• TASK: Retype the lines from the one containing "Білий Рено Мастєр, об'ємом" through the last line of the entries below, exactly and in full, omitting every image.

[Scraped caption text data]
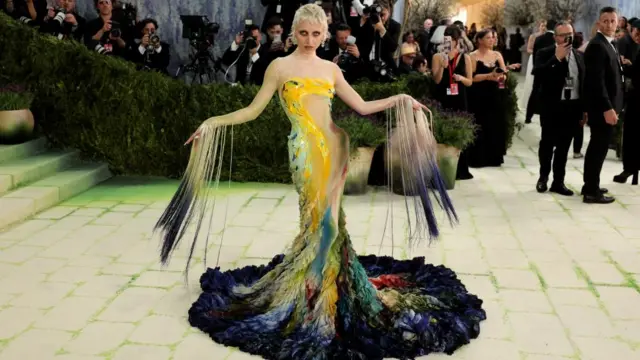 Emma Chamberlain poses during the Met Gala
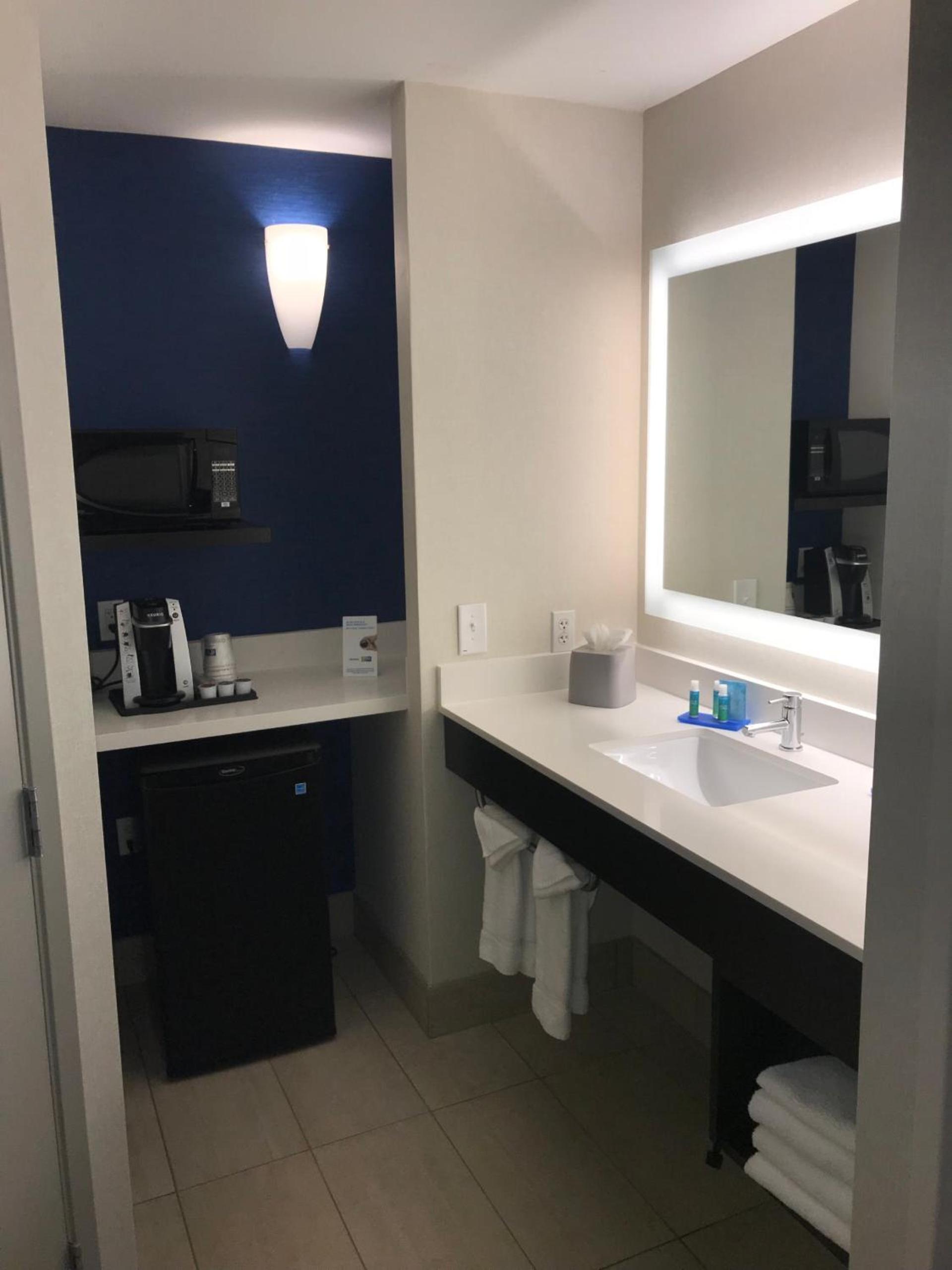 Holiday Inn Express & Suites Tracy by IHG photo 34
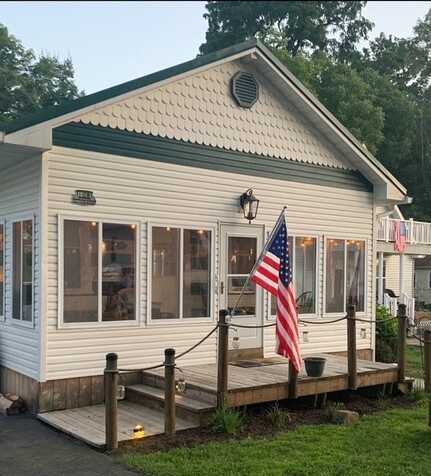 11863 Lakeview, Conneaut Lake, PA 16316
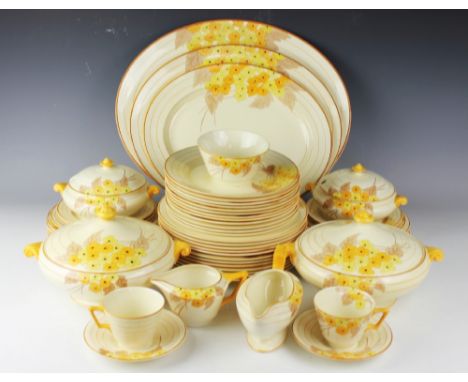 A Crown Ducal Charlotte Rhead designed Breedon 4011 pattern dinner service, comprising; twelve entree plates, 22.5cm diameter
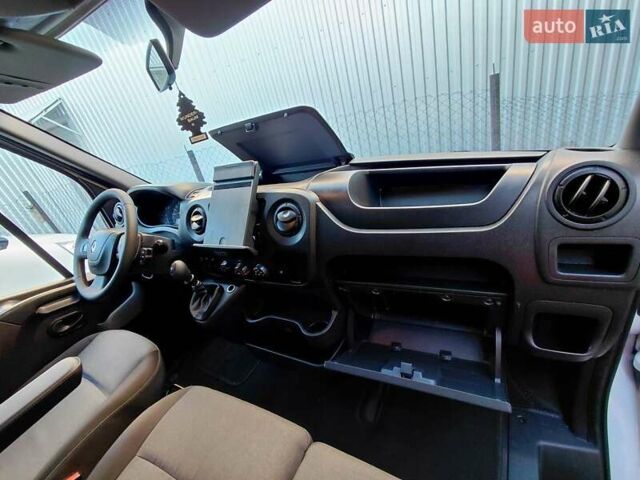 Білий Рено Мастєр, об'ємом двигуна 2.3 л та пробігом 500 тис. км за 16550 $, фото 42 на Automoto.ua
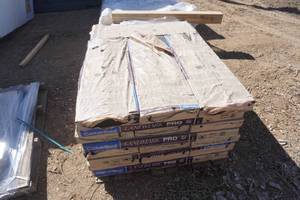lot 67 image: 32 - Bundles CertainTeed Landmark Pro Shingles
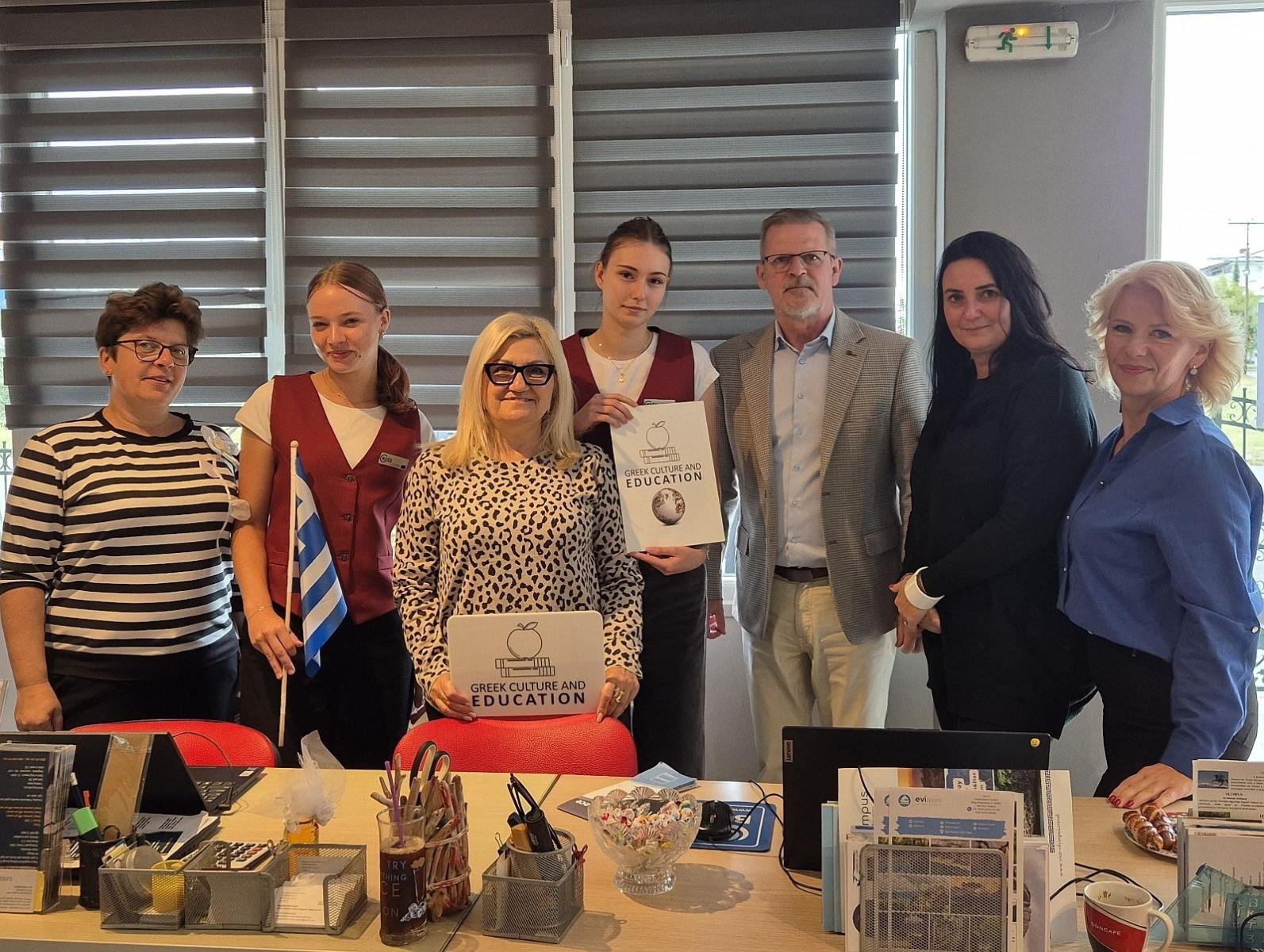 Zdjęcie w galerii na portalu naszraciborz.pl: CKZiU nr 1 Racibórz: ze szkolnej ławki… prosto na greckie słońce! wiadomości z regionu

• RESULT:
 Білий Рено Мастєр, об'ємом двигуна 2.3 л та пробігом 500 тис. км за 16550 $, фото 42 на Automoto.ua
lot 67 image: 32 - Bundles CertainTeed Landmark Pro Shingles
 Zdjęcie w galerii na portalu naszraciborz.pl: CKZiU nr 1 Racibórz: ze szkolnej ławki… prosto na greckie słońce! wiadomości z regionu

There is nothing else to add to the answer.